(Captioned web images)

********

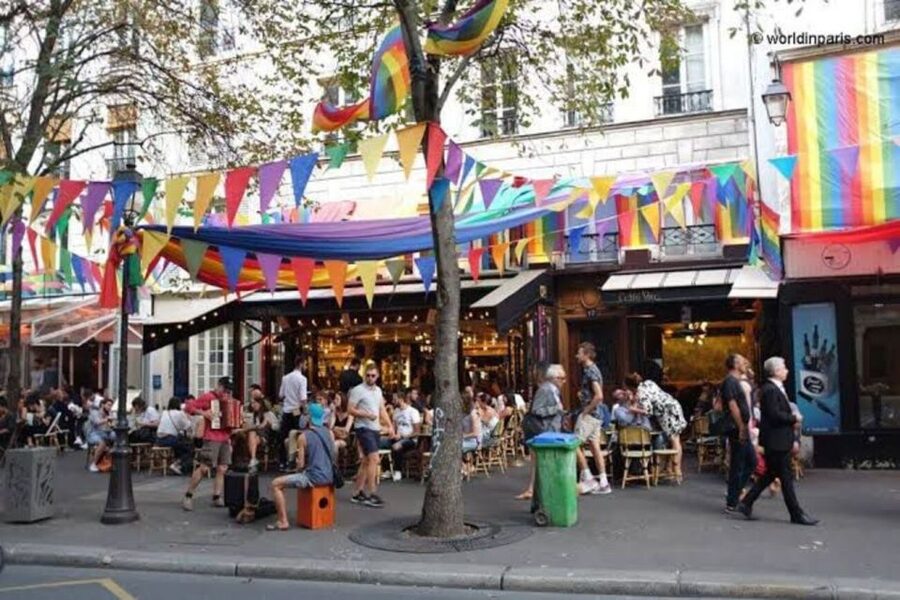 Paris: Le Marais District Guided Walking Tour - Starting outside Quick restaurant and getting the Marais into focus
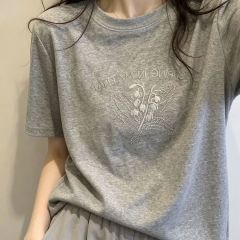 刺绣美图女短T2026新款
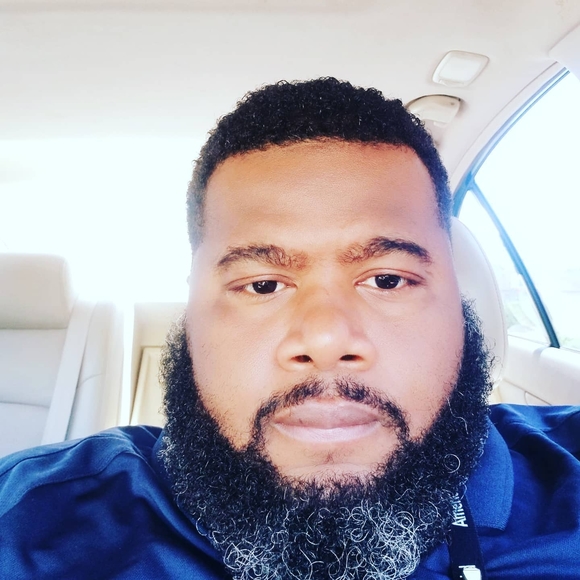 Profile Picture of Justio Farrington (@alpharezf) on Poshmark
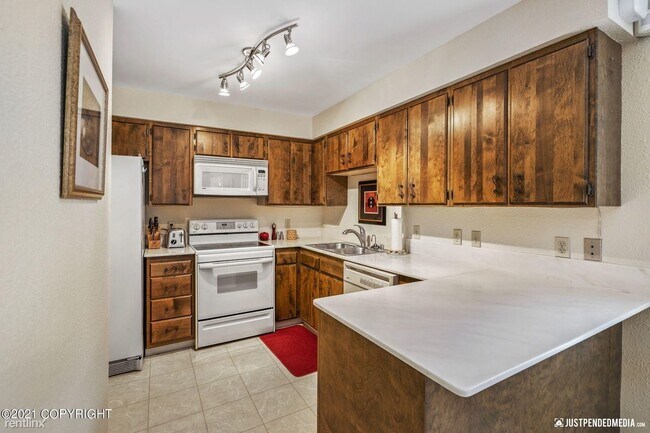 Building Photo - 1 br, 1 bath Condo - 333 M St Apt 211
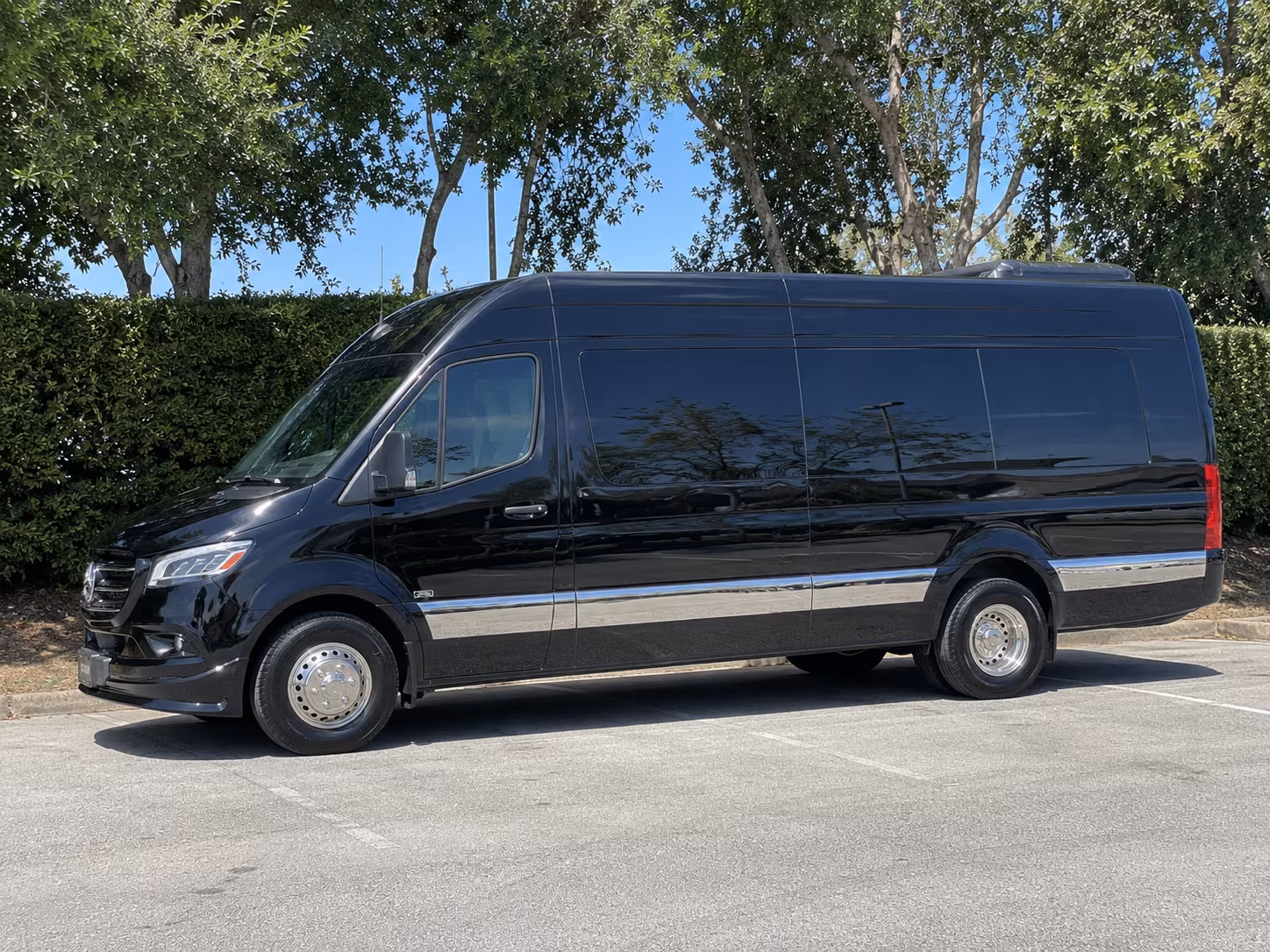 15 passenger sprinter van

********

▶ [ACTIVITY] Word for word, output the lines from the line bearing "Building Photo - 1" through the end of the records above, and only those, without the pictures.

▶ [RESULT]
 Building Photo - 1 br, 1 bath Condo - 333 M St Apt 211
 15 passenger sprinter van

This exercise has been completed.